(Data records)
-------

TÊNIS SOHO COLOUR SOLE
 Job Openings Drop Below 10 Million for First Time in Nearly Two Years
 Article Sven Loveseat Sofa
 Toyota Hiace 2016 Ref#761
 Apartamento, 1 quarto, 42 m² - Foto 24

-------

Exercise brief: Set out exactly the lines from the one bearing "Toyota Hiace 2016 Ref#761" through the end of the data, including both ends and omitting all others.

Your response:
 Toyota Hiace 2016 Ref#761
 Apartamento, 1 quarto, 42 m² - Foto 24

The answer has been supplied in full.